This strong rhetoric is not being lost on the Hispanic
community that is already regarding this Administration
as the Anti-Catholic Administration.
Latino voters would flock to a GOP candidate that speaks
to what is important to them, and what are important to
Hispanic voters are the social issues. The most
important issue for Hispanic voters, per the 2008 Pew
Hispanic Center poll, was the family. They are more
inclined to oppose gay “marriage” and their deep
Catholic roots incline them to be Pro-Life. Education
was the second most important issue among Latinos.

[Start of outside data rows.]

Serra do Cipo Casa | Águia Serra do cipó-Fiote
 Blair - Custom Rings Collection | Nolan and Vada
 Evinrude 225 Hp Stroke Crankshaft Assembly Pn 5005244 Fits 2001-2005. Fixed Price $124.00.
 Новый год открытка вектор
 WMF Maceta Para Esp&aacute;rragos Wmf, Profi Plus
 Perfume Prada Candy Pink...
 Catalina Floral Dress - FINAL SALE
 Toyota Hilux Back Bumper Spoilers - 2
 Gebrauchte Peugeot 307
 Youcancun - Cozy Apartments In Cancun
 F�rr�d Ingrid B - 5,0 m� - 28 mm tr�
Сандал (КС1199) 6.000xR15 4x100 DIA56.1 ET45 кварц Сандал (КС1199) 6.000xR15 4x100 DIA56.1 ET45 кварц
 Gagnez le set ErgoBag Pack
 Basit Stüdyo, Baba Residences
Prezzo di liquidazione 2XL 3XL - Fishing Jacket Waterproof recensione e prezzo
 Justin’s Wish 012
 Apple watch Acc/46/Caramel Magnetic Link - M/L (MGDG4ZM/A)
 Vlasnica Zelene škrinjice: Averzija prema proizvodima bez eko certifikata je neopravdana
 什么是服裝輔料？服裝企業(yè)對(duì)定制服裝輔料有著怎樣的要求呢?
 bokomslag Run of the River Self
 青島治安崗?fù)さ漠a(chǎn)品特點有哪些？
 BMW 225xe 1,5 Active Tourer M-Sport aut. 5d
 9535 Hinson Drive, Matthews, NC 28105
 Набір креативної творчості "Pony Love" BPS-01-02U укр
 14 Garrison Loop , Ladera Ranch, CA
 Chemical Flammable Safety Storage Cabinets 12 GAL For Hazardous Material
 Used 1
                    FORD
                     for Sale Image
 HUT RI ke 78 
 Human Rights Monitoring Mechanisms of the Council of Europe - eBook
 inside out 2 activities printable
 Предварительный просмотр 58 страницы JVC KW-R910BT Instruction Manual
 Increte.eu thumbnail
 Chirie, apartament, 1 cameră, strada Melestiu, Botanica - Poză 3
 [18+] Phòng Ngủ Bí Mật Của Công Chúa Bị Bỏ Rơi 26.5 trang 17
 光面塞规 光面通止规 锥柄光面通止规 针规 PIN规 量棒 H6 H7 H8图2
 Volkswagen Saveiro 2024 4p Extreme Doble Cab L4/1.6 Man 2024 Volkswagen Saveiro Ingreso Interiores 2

They
are more likely to support school voucher programs, and
greater freedom in educating their children. If a
Republican candidate were to break free on these issues
and articulate them in a truly conservative manner,
highlighting the conservation of life and the family, as
well as the integrity of ethnic communities (a slogan
that worked well for Jimmy Carter in 1976), then that
candidate would blow away Bush II’s 2004 forty percent
Hispanic vote. Only by articulating the conservative
view on life, family and education can a GOP candidate
take advantage of the growing disillusionment of
Hispanic voters with President Barack Obama.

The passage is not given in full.